Optimal quantum state transformations based on machine learning

Abstract

It is well known that quantum algorithms may solve problems efficiently that are intractable using conventional algorithms. Quantum algorithms can be designed with a set of universal quantum gates that transform input states into desired output states. However, designing quantum algorithms that transform states in desired ways is challenging due to its complexity. In this paper, we propose a machine learning framework for the transformation of unknown states into their corresponding target states. Specifically, a parameterized quantum circuit learns a given task by tuning its parameters. After the learning is done, the circuit is competent for the quantum task. This allows us to circumvent cumbersome circuit design based on universal quantum gates.

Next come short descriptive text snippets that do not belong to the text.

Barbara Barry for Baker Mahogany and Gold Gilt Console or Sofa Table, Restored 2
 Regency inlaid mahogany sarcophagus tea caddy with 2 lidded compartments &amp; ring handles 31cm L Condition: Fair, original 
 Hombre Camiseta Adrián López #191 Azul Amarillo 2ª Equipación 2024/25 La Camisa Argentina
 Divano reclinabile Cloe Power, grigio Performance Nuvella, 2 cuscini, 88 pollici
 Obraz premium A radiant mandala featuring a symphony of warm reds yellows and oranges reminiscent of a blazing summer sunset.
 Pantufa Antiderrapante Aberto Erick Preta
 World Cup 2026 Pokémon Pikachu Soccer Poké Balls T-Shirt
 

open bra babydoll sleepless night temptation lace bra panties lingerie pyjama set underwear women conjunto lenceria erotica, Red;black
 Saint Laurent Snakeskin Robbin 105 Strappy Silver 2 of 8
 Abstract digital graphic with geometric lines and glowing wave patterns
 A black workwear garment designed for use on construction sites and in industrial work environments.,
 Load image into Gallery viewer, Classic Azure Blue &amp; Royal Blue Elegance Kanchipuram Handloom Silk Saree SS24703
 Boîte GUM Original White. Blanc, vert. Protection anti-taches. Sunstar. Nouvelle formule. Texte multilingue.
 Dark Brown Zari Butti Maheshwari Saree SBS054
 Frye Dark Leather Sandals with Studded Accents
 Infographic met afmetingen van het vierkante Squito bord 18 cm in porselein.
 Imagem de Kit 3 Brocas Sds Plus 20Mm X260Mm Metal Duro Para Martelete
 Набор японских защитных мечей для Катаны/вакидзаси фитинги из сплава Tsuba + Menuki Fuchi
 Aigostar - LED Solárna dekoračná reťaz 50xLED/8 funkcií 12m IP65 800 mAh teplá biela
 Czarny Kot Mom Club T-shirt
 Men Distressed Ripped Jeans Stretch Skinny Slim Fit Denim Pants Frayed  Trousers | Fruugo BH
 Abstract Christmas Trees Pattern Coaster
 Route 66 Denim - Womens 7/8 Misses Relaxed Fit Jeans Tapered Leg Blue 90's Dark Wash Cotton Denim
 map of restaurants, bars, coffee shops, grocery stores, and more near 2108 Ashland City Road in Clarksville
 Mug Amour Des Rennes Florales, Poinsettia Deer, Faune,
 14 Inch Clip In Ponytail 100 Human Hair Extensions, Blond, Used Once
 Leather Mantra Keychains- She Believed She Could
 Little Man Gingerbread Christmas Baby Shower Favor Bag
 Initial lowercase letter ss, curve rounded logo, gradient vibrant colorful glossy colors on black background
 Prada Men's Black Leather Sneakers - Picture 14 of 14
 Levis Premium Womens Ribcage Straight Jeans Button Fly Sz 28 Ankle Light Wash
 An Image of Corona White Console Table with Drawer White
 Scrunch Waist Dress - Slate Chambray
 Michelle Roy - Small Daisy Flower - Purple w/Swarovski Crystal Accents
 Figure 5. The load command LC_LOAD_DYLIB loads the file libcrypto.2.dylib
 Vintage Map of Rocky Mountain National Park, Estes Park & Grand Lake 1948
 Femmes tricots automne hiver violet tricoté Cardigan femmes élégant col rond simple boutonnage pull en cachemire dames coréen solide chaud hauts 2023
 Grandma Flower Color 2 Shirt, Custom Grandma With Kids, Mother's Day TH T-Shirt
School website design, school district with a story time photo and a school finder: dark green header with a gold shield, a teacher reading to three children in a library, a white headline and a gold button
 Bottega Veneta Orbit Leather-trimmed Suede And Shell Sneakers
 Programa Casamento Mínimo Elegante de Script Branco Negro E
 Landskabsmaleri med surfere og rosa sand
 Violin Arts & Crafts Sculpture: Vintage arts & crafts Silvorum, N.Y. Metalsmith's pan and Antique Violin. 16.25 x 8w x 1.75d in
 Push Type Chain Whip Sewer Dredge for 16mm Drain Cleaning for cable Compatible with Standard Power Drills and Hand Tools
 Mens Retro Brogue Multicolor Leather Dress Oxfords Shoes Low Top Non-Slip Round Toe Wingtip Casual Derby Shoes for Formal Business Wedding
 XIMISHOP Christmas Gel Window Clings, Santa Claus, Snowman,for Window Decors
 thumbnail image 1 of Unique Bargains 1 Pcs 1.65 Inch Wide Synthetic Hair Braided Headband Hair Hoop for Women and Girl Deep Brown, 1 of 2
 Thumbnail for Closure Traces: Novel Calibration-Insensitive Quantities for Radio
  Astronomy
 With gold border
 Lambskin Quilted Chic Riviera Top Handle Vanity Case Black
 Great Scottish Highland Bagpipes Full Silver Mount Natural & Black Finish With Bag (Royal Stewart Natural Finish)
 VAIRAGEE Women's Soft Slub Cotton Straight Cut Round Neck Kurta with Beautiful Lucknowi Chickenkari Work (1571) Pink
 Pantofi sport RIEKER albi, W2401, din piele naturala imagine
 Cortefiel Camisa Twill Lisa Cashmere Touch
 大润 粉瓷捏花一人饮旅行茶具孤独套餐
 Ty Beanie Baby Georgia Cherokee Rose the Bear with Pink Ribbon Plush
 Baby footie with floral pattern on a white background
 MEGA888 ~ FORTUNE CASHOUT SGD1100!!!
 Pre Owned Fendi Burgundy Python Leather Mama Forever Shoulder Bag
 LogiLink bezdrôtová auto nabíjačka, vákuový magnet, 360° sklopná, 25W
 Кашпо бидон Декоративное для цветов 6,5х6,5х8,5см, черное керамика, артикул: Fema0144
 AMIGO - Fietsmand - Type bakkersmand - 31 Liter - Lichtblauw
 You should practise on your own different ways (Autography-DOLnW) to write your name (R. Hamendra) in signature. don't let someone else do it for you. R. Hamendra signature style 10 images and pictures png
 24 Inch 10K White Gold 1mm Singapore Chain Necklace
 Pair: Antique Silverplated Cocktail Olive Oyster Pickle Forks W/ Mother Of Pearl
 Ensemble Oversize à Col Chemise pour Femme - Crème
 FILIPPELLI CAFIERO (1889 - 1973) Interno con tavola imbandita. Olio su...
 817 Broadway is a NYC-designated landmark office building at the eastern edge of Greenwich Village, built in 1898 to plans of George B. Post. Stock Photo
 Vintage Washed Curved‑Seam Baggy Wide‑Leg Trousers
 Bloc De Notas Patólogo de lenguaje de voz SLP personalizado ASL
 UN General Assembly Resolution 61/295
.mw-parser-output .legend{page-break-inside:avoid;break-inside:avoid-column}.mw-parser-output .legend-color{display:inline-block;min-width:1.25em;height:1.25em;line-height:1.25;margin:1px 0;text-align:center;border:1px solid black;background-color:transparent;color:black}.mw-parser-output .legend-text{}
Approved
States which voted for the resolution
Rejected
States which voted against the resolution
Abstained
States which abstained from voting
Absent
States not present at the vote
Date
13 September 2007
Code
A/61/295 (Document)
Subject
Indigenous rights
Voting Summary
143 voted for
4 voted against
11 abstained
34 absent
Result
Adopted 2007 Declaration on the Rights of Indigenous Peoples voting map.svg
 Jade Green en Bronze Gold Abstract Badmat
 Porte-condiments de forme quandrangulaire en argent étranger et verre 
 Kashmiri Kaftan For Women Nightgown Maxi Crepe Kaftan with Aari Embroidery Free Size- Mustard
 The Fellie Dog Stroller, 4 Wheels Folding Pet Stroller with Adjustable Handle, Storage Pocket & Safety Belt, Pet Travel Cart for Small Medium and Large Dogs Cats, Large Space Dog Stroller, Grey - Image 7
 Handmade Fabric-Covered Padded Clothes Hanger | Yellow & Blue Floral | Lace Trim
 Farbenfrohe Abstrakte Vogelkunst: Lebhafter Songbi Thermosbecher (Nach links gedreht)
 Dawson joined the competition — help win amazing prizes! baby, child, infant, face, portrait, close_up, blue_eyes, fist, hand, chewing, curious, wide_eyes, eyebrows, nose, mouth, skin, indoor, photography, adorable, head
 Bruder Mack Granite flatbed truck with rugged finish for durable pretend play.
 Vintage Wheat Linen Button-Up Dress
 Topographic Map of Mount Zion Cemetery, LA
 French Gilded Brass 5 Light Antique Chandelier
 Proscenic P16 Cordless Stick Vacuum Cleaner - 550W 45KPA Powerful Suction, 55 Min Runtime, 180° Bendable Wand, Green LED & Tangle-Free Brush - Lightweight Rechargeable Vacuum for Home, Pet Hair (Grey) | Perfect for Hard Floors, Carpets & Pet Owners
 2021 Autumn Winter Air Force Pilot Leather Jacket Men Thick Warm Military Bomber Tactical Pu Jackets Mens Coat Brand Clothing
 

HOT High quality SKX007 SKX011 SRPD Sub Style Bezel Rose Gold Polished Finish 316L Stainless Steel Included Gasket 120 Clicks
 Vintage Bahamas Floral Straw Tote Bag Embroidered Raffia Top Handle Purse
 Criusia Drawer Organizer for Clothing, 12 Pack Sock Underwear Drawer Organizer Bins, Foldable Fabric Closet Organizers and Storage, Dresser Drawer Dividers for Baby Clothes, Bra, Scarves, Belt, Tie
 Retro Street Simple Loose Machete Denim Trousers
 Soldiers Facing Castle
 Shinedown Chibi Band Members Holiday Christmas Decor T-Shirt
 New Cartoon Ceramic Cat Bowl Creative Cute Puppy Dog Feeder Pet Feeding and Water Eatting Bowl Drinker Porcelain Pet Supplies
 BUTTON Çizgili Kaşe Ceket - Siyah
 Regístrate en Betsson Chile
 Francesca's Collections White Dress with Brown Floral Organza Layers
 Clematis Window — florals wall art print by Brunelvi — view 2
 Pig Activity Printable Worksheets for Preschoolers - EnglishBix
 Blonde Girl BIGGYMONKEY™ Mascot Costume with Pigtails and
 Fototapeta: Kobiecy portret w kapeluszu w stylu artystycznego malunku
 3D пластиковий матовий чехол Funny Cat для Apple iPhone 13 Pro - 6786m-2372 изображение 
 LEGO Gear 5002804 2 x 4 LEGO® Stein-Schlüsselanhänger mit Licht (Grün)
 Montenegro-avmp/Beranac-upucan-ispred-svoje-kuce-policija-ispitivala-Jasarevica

If perfect transformation is forbidden by quantum theory, an optimal transformation can be obtained in terms of fidelity. This provides a research method to study various quantum no-go theorems that characterize the intrinsic gap between quantum and classical information. As examples, quantum state rotation and quantum state cloning are studied using numerical simulations. We also show the good robustness of our machine learning framework to corrupted training data, which is a very nice property for physical implementation on near-term noisy intermediate-scale quantum devices.

Appendix

We here give a derivation of the probabilities of measurement in Eqs. (12) and (15).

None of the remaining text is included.